Private Equity: The End of an Era
March 14th, 2008I’ve been writing for some time now about private equity firms, their questionable acquisitions, their untenable leverage positions, and the likely outcome for them, and their portfolio firms, as a result of the credit crisis (for background see Stupid Money Chasing Stupid Deals…). I was not surprised therefore to come across a recent New York Times article detailing their recent fate (see Buyout Industry Staggers Under Weight of Debt). Michael de la Merced writes:
With their big paydays and bigger egos, private equity moguls came to symbolize an era of hyper-wealth on Wall Street. Now their fortunes are plummeting. Celebrated buyout firms…are seeing their profits collapse as the credit crisis spreads through the financial markets.
If anyone thought that private equity acquisitions were driven purely by skillful strategists and financiers (alpha in their parlance), here’s your evidence to the contrary.
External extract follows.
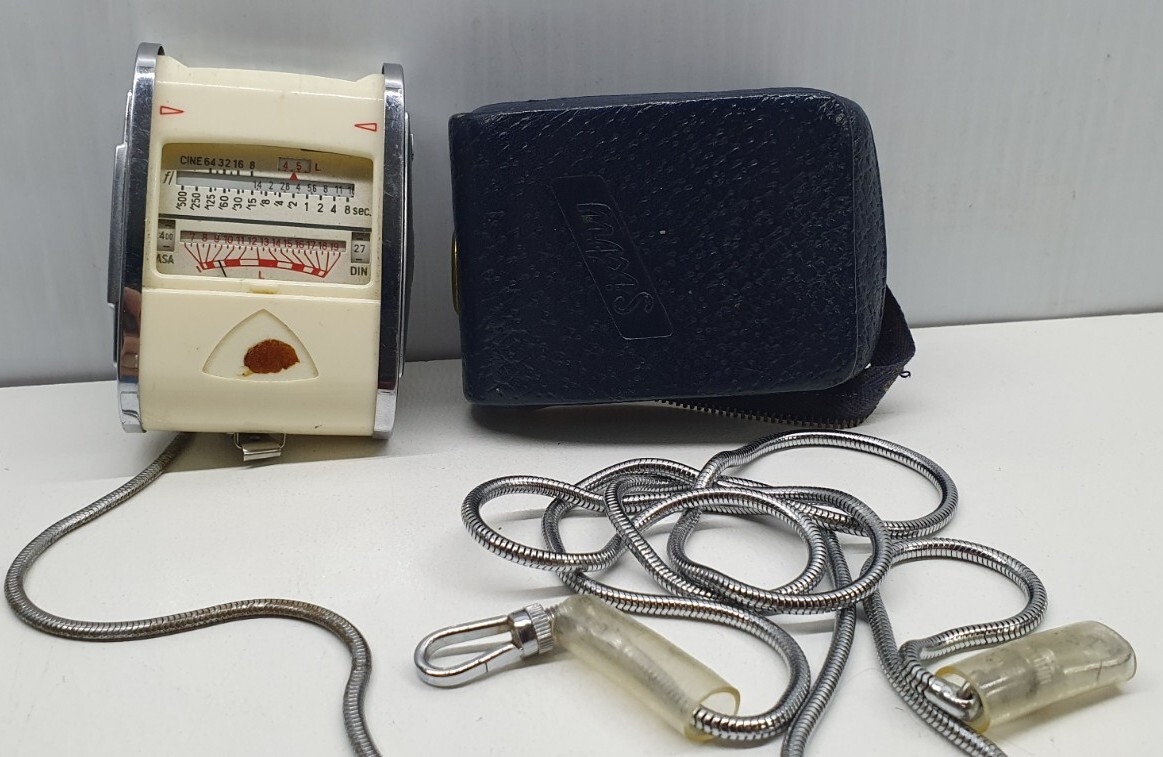 Gossen Color Finder Vintage Light Meter Germany West Strap Case Works Used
Many such deals were a simple product of the times (fueled by the availability of cheap money and credit). This is not to say that some private equity players are not skilled, just that there are likely much much fewer of the skilled type than many of us had thought just as little as one year ago.
Frankly, I have expected this endgame for quite awhile now – one in which many of the private equity portfolio companies would go bankrupt, and potentially take a few of their parents with them (see Corporate Defaults and Bankruptcies).
But more than that, for me, these events officially mark the end of an era. We will likely look back at this period and eventually refer to it as the second LBO wave. In my opinion, there are now two identifiable, and distinct, LBO waves:
- The 1980’s – the wave that most of us associate with the LBO heyday; driven by the break-up of conglomerates, culminating with the RJR Nabisco deal, and etched in our memories by the movie “Wall Street”
- The 2000’s – the cheap money wave; fueled by excess leverage, cov-lite deals, financial engineering, and a dose of Sarbanes-Oxley compliance avoidance
This is not to say that I believe that private equity firms do not play a vital role in our economy. It’s quite the opposite. I firmly believe that they are an important part of a well-functioning capital market (see The Role of Private Equity…). It’s just that the latest private equity craze is now officially over.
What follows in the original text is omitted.